Required work
Exact wording is needed for every line from the one holding "Via della Conciliazone at night" to the end of the records below; write those lines out and omit the pictures.

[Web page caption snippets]
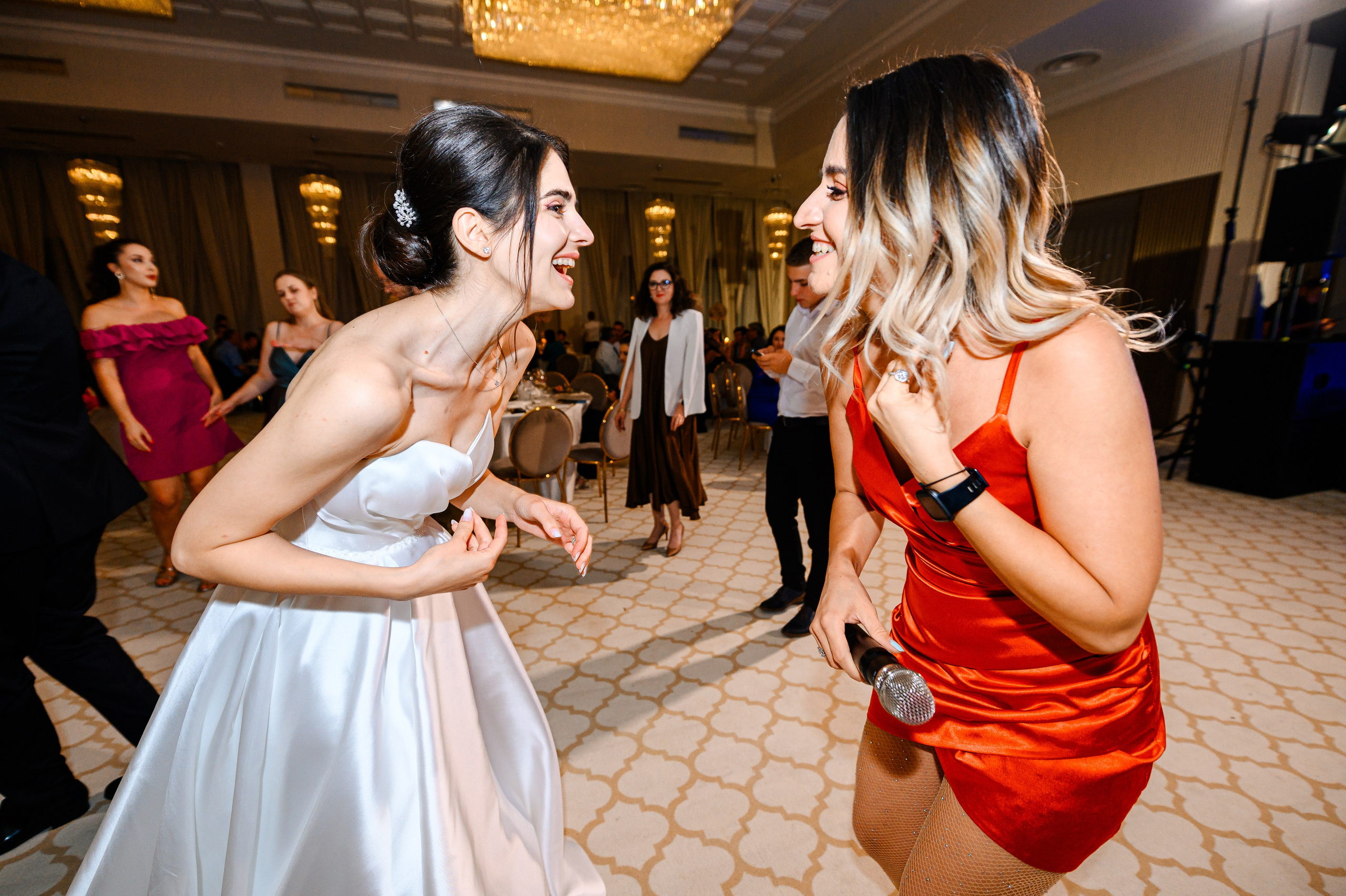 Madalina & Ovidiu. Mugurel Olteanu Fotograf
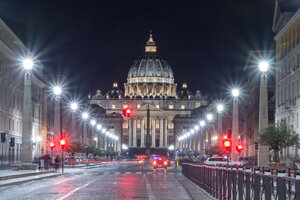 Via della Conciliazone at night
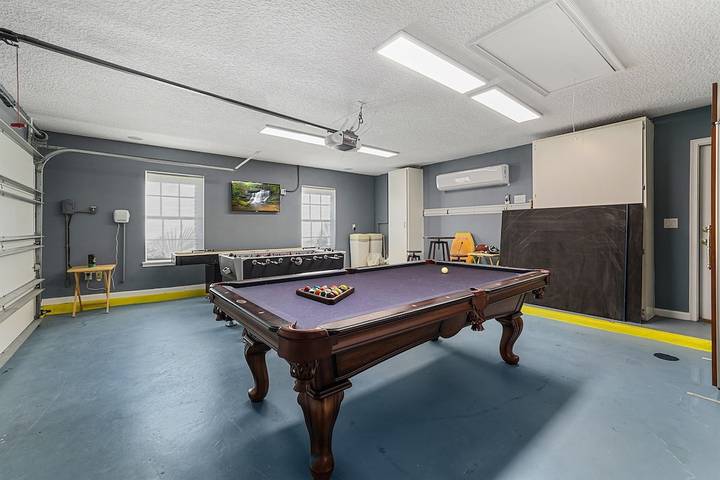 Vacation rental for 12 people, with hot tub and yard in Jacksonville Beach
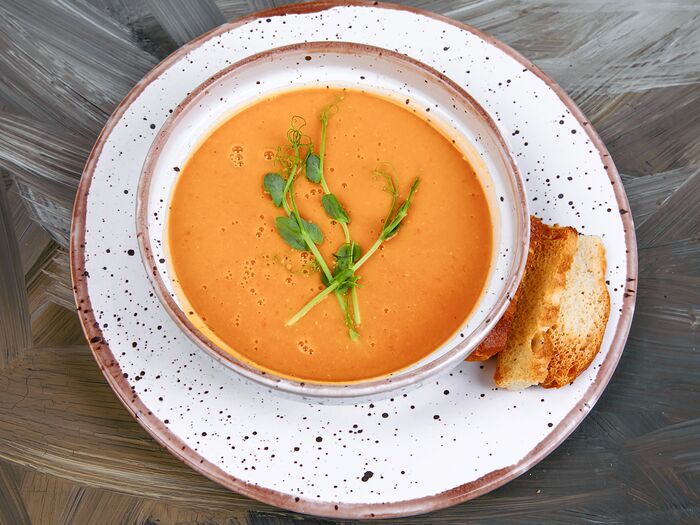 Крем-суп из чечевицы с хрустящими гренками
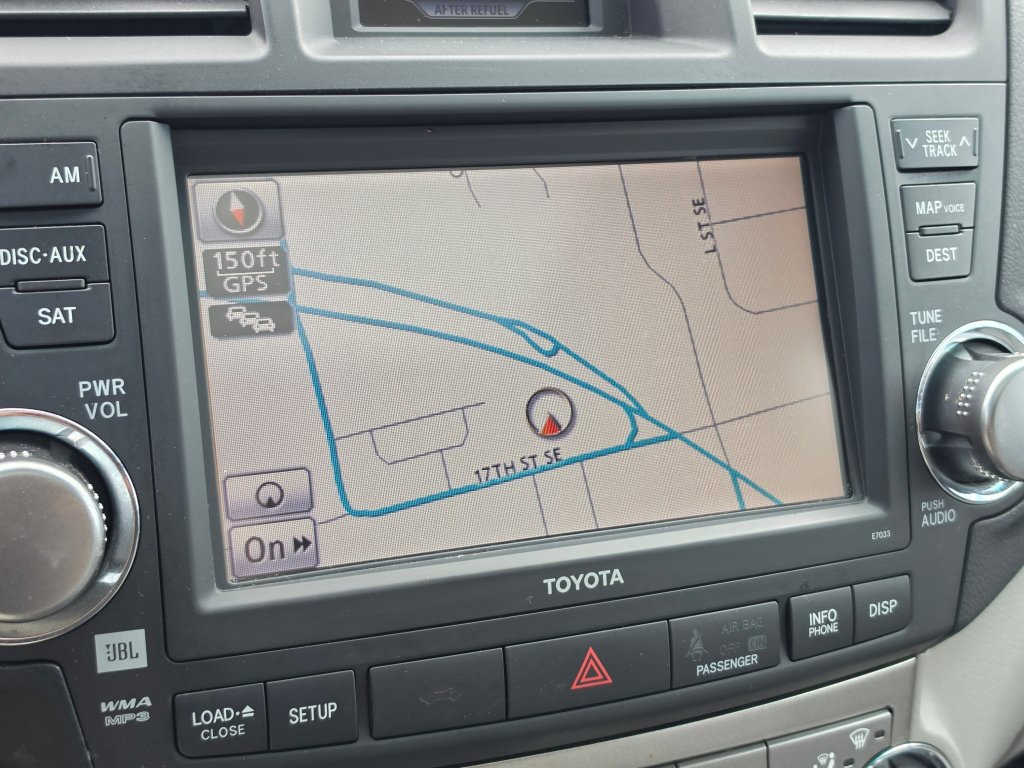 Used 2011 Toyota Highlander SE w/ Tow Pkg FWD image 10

Exercise result
 Via della Conciliazone at night
 Vacation rental for 12 people, with hot tub and yard in Jacksonville Beach
 Крем-суп из чечевицы с хрустящими гренками
 Used 2011 Toyota Highlander SE w/ Tow Pkg FWD image 10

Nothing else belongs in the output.